Friday, 10 February 2012

Specialized Training and Certificates

I've been absent from my own blog these past several months. Largely that's been due to having a lot of little things going on. What I have been doing though has given me a whole bunch of skills and certificates which will be very valuable to me in the future.

The most recent new skill that I have picked up was the Texas 40 hour Basic Mediation Course. With that now in my portfolio, I figured it was time that I post some of my recently acquired certificates and talk a bit about what each of them means and is used for.

Basic Mediation

Better Business Bureau Arbitration

Texas has been a leader in the Alternative Dispute Resolution movement. In 1987, the Texas Legislature passed the Alternative Dispute Resolution Procedures Act, which prescribes the minimum requirements for persons qualifying for appointments as impartial third parties under the act. The forty hour mediator training requirement of the Texas Mediation Centers was adopted by the legislature as the standard training qualification. It allows for a person to be appointed by a court as a neutral if the court bases its appointment on legal or other professional training or experience in particular dispute resolution processes, which is what I have been using to perform Arbitrations up to this point through the Better Business Bureau for the El Paso County Attorney.

Court Appointed Special Advocate (CASA) for Children

CASA volunteers are individuals that are assigned to advocate for abused and neglected children. There are several parties to a child abuse/neglect case: the parent(s), the County Attorney (or his designated staff lawyer), Child Protective Services a.k.a CPS (Texas Dept. of Family and Protective Services), the child's attorney (the child is the victim), and whenever possible a Court Appointed Special Advocate (CASA).

I often get asked "What's the difference between the child's attorney and the CASA. The short answer is that the child's attorney is a lawyer with the child as his client, and as such the lawyer has a duty to advocate for the outcome that the child wants. The CASA, on the other hand, does not have to be a lawyer, and is appointed as a Guardian ad Litem to advocate for what is in the child's best interest regardless of what the child wants.

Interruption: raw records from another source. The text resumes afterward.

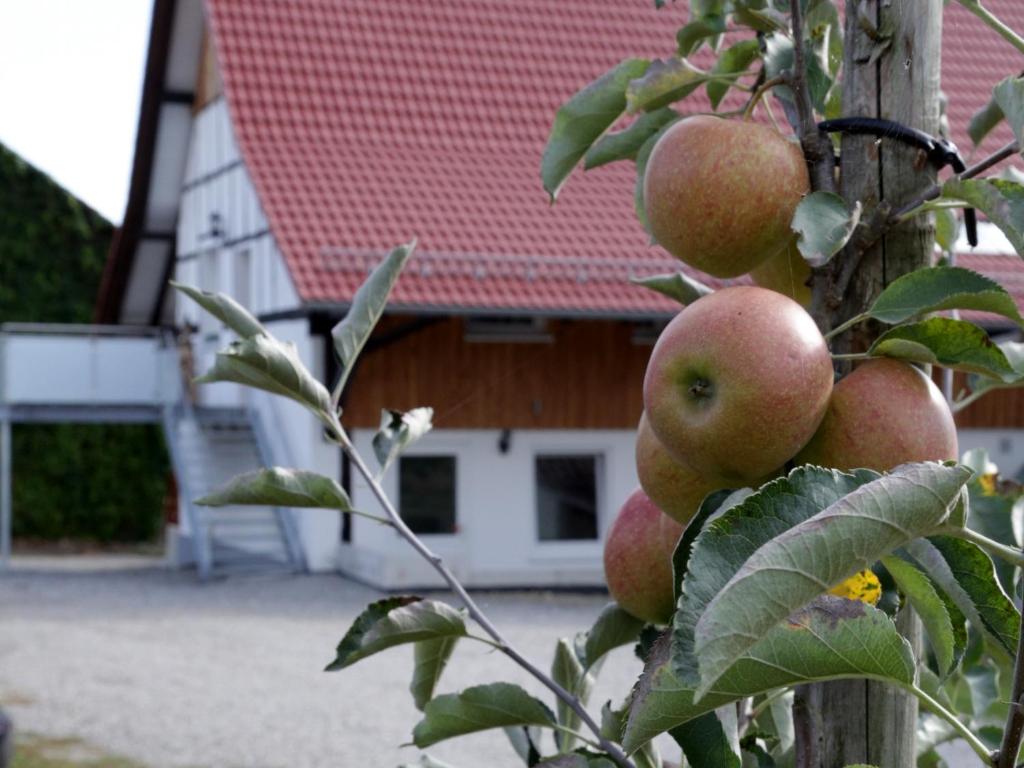 un montón de manzanas en un árbol delante de una casa en Ferienhof Waggershauser en Friedrichshafen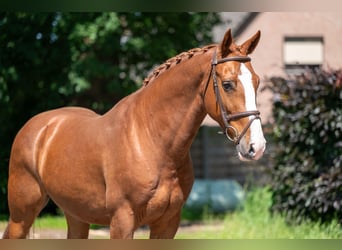 Belgisches Warmblut, Wallach, 5 Jahre, 161 cm, Fuchs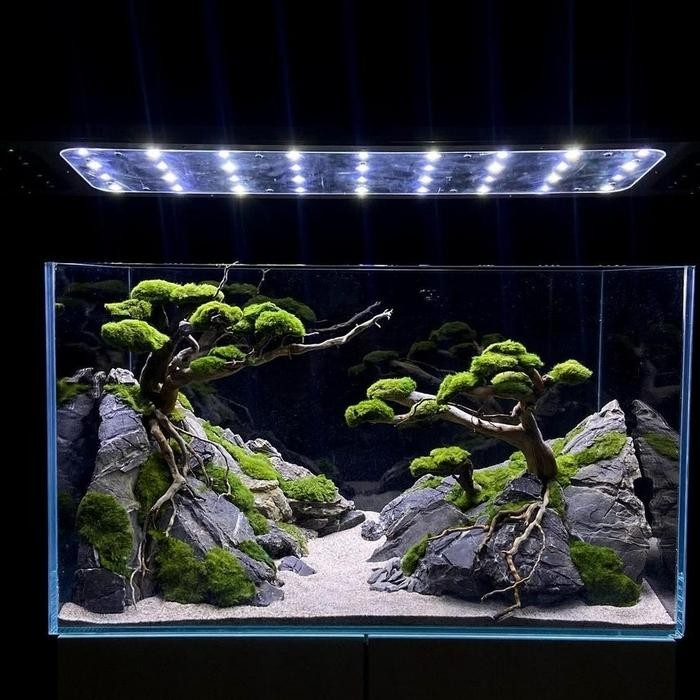 Aquascape Mini Bonsai Fullset Khusus Gojek Instan Pasti Ori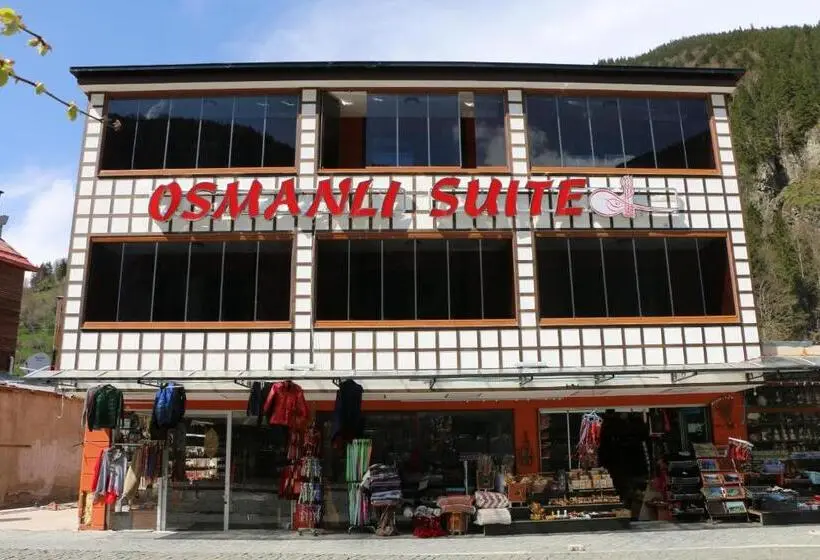 آپارتمان 1 خوابه با چشم‌انداز, Osmanlı Suite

The CASA training is also a 40 hour training course (35 hours of classroom training and 5 hours of courtroom observation). Once that is completed, the CASA is sworn in, and is available to be assigned to a CPS case. There is a permanent CASA staff which manages the overall system, but largely the CASA is allowed to manage their own case, visit with the child, follow up with medical professionals, teachers, the CPS worker and other individuals involved with the case.

Some of the cases are tough and not all of them have a happy ending. However if you're mentally and emotionally strong enough this is one of the ways where people without a legal or therapy background can make some of the biggest differences in a abused or neglected child's life.

Crime Victims Compensation Fund Presumptive Eligibility Forms

The Office of the Attorney General of Texas says "Crime doesn't pay, but in Texas, criminals do." In Texas, if you are a victim of violent crime, you may be eligible for benefits. The primary purpose of the Crime Victim's Compensation Fund is encouraging greater victim participation in the apprehension and prosecution of criminals and reimbursing innocent victims for certain out-of-pocket expenses incurred as a result of violent crime.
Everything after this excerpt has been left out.